**Exercise data:**

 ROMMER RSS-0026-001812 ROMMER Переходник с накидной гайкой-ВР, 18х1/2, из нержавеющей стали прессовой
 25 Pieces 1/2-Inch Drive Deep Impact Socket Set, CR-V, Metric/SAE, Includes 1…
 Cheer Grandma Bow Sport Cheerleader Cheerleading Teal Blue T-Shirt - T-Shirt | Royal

---

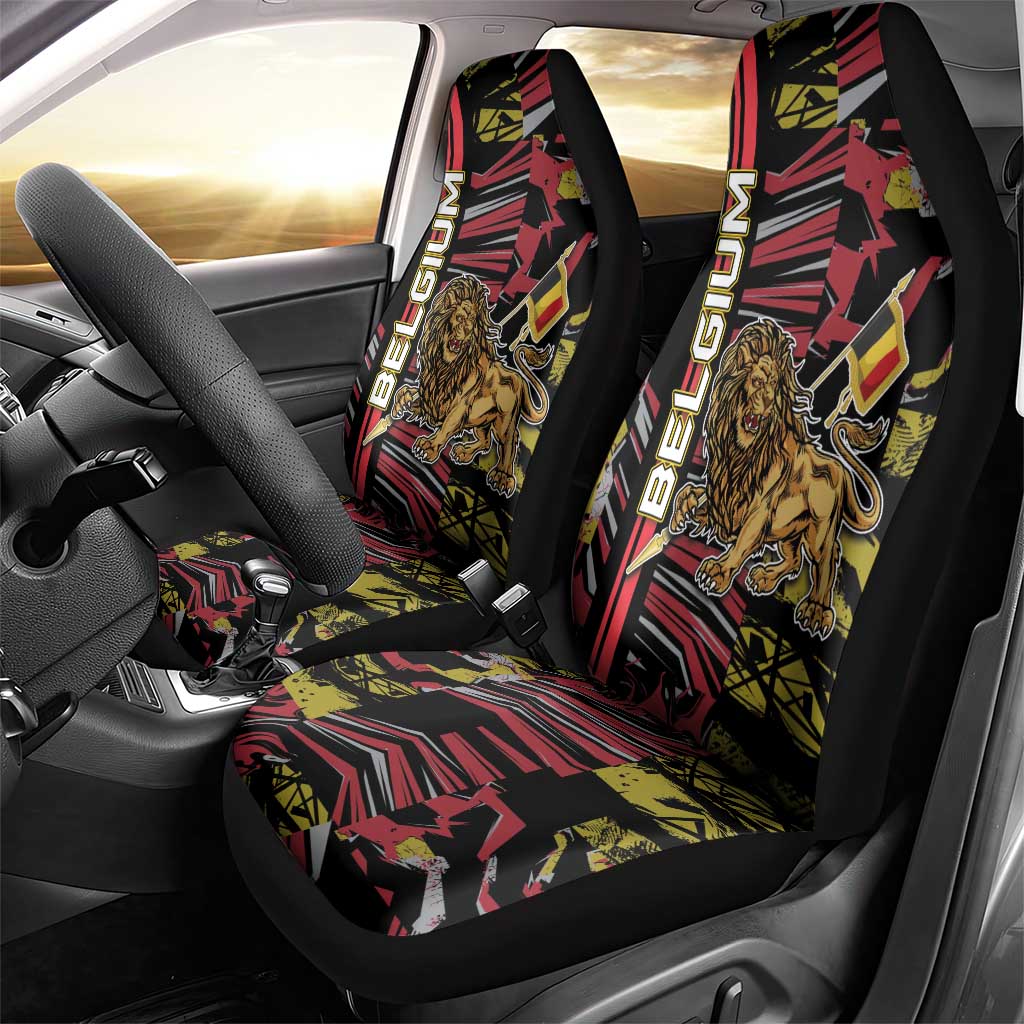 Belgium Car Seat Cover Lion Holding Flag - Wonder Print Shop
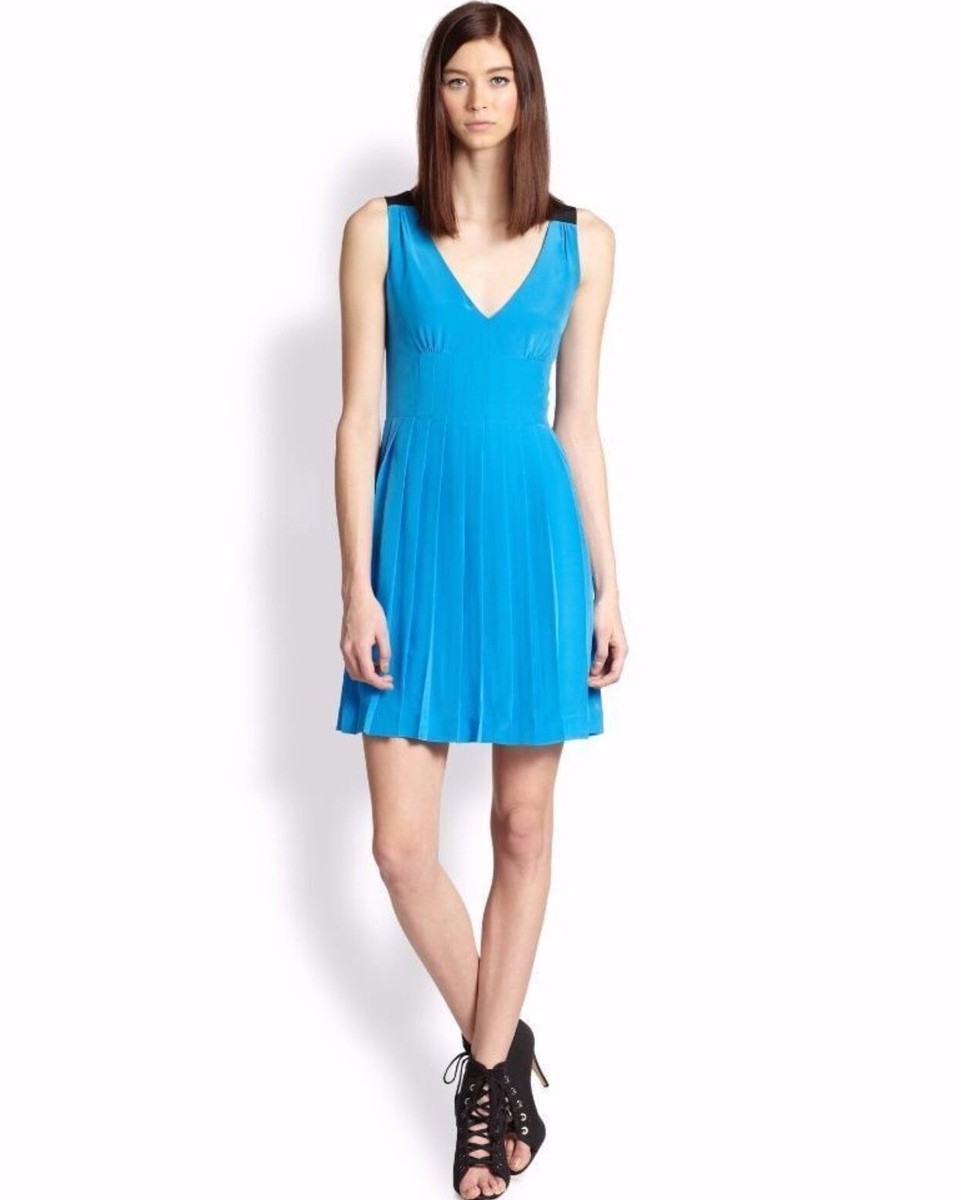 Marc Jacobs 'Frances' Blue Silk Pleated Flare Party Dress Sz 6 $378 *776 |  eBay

**The problem:** Above are the lines; repeat exactly the ones from the line containing "25 Pieces 1/2-Inch" down to the line containing "Cheer Grandma Bow", both inclusive.

**Output for this exercise:**
 25 Pieces 1/2-Inch Drive Deep Impact Socket Set, CR-V, Metric/SAE, Includes 1…
 Cheer Grandma Bow Sport Cheerleader Cheerleading Teal Blue T-Shirt - T-Shirt | Royal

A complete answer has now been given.